WORKING DATA -
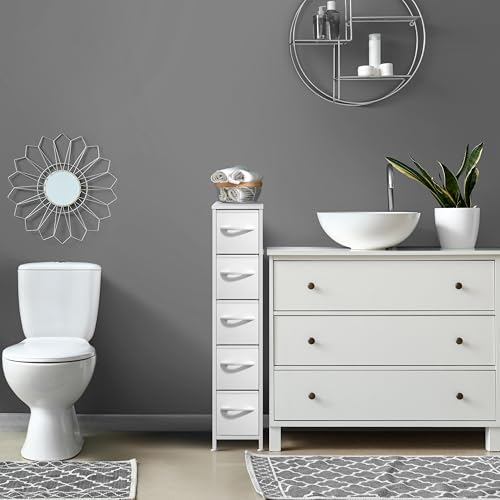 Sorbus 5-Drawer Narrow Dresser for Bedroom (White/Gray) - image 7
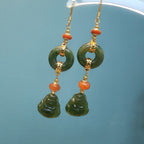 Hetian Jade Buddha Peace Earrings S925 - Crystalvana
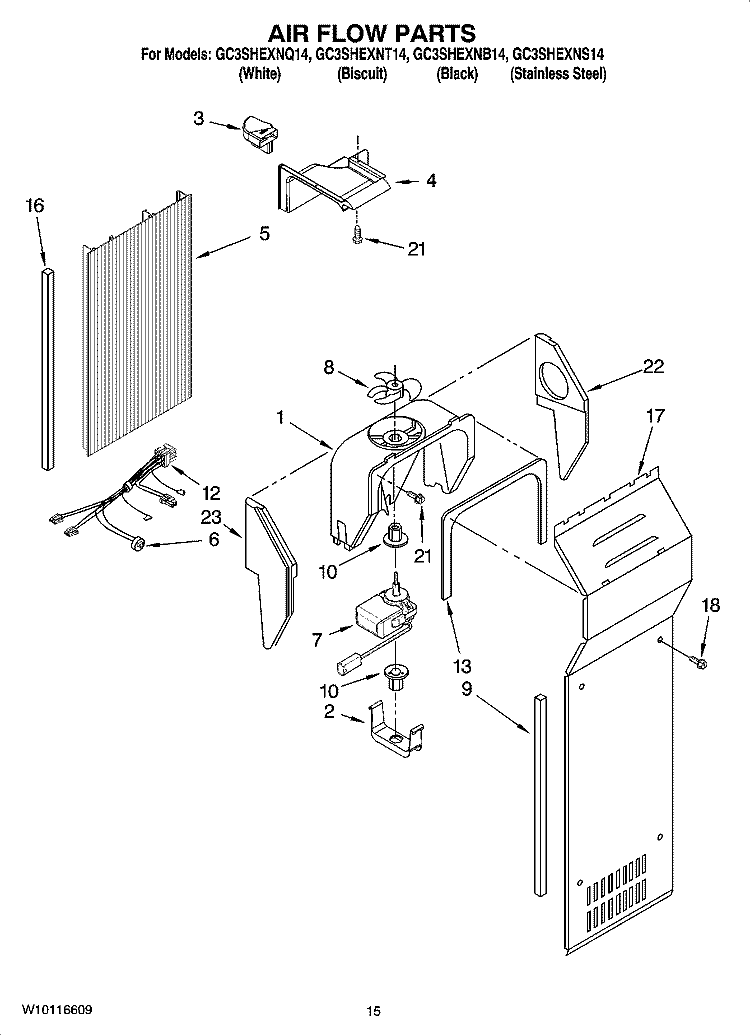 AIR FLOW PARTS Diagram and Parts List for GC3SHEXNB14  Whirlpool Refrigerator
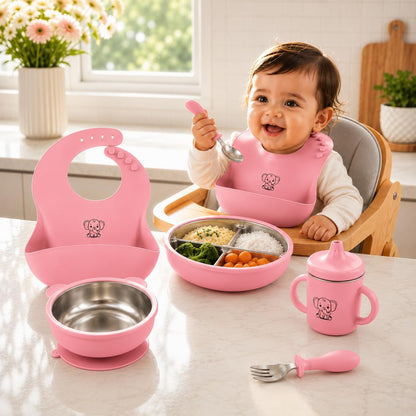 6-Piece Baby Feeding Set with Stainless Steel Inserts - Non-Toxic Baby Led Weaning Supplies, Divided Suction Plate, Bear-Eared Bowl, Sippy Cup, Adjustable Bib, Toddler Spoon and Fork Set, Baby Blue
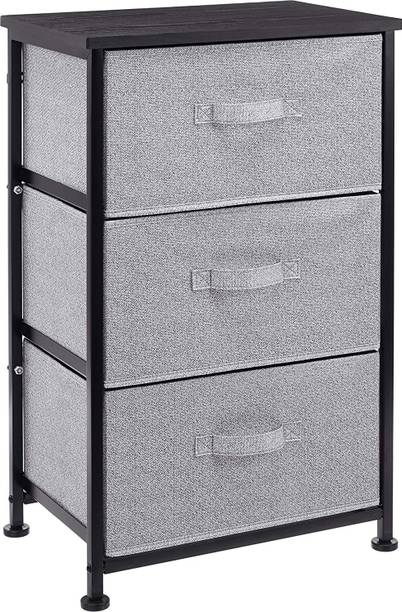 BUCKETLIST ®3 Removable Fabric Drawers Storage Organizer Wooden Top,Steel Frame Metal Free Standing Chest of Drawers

==

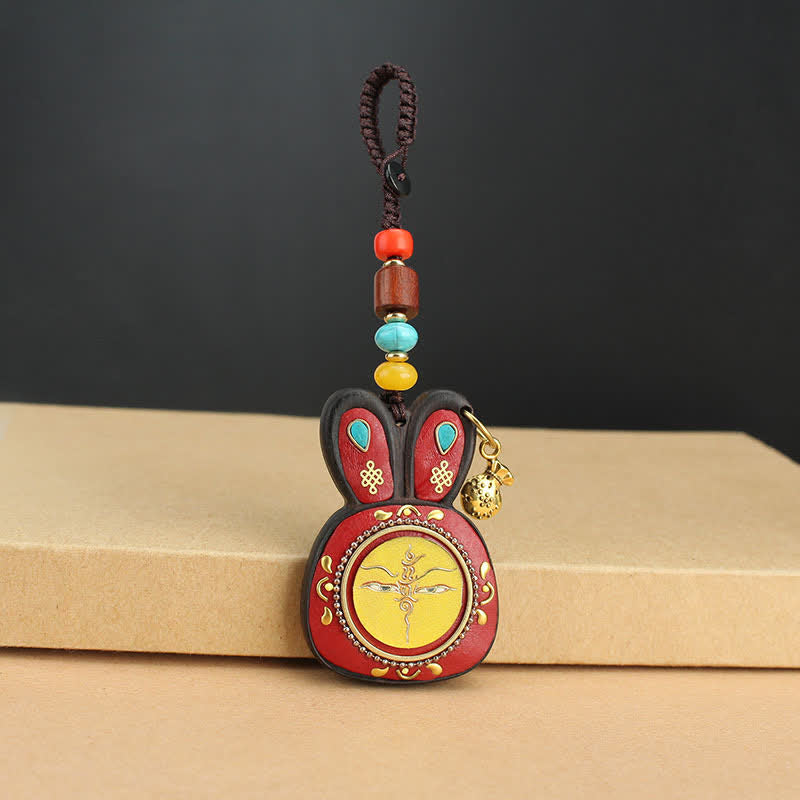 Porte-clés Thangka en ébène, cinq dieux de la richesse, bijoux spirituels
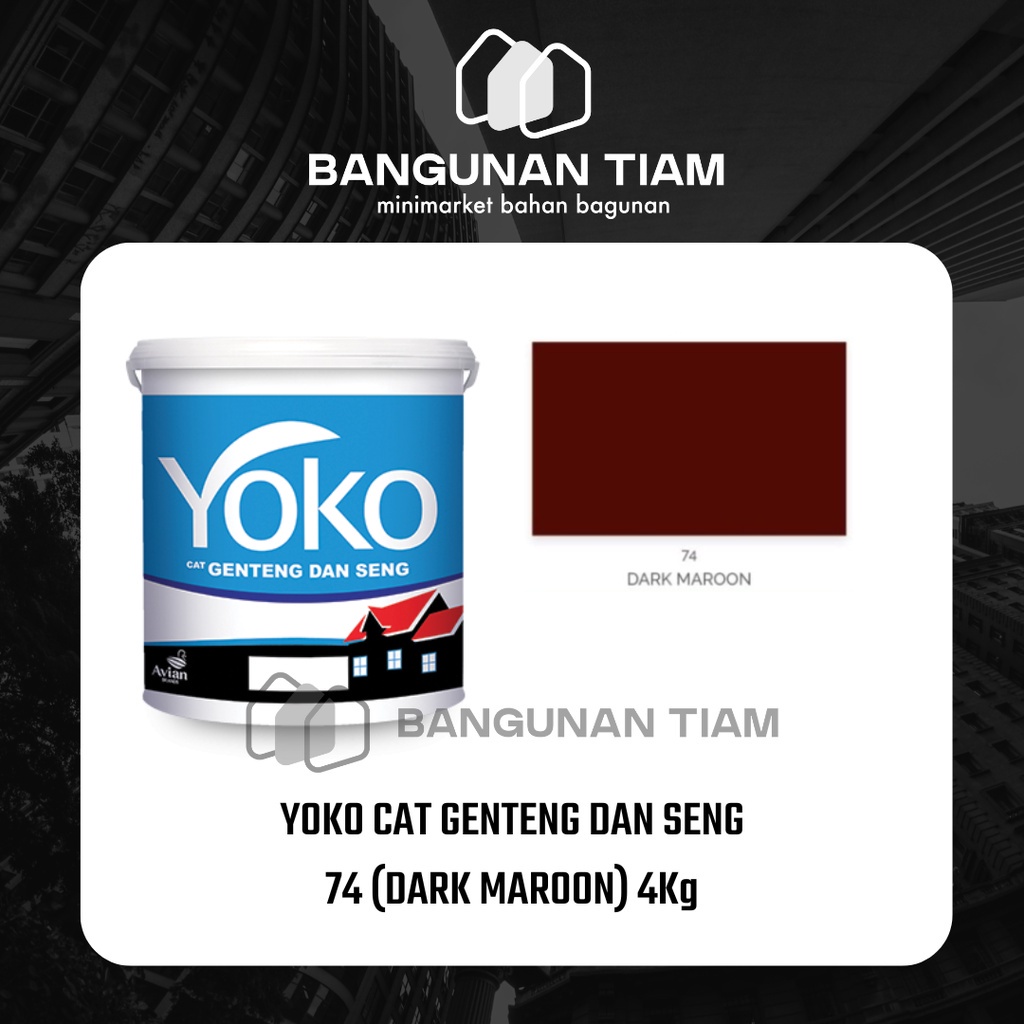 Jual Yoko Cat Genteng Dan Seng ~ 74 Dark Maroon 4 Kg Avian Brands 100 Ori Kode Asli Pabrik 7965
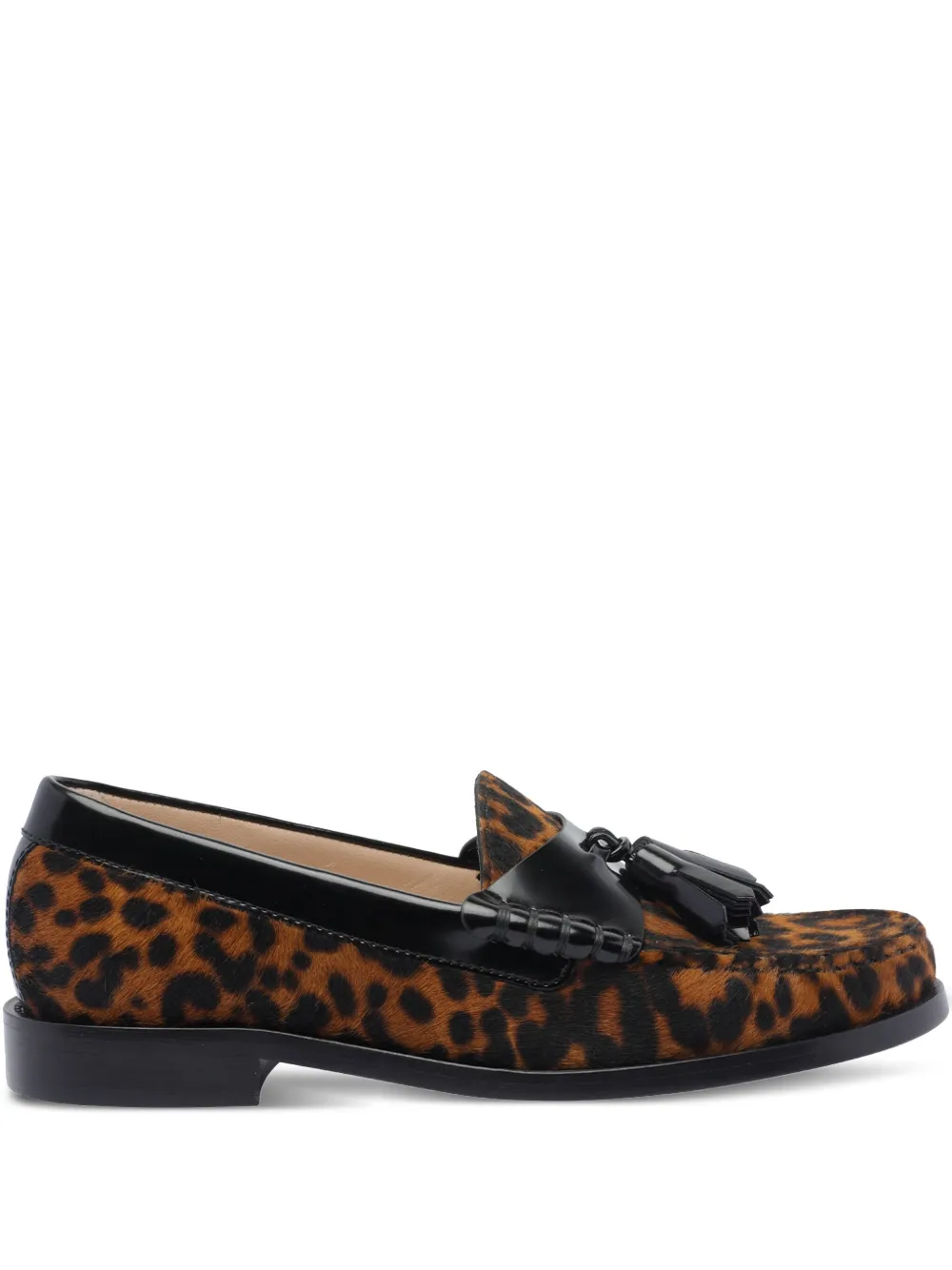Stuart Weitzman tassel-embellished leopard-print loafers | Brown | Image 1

WHAT YOU HAVE TO DO -
Output exactly, and only, the lines of the entries above from the one with "Sorbus 5-Drawer Narrow" up to and including the one with "BUCKETLIST ®3 Removable"; pictures are to be left out.

SOLUTION -
 Sorbus 5-Drawer Narrow Dresser for Bedroom (White/Gray) - image 7
 Hetian Jade Buddha Peace Earrings S925 - Crystalvana
 AIR FLOW PARTS Diagram and Parts List for GC3SHEXNB14  Whirlpool Refrigerator
 6-Piece Baby Feeding Set with Stainless Steel Inserts - Non-Toxic Baby Led Weaning Supplies, Divided Suction Plate, Bear-Eared Bowl, Sippy Cup, Adjustable Bib, Toddler Spoon and Fork Set, Baby Blue
 BUCKETLIST ®3 Removable Fabric Drawers Storage Organizer Wooden Top,Steel Frame Metal Free Standing Chest of Drawers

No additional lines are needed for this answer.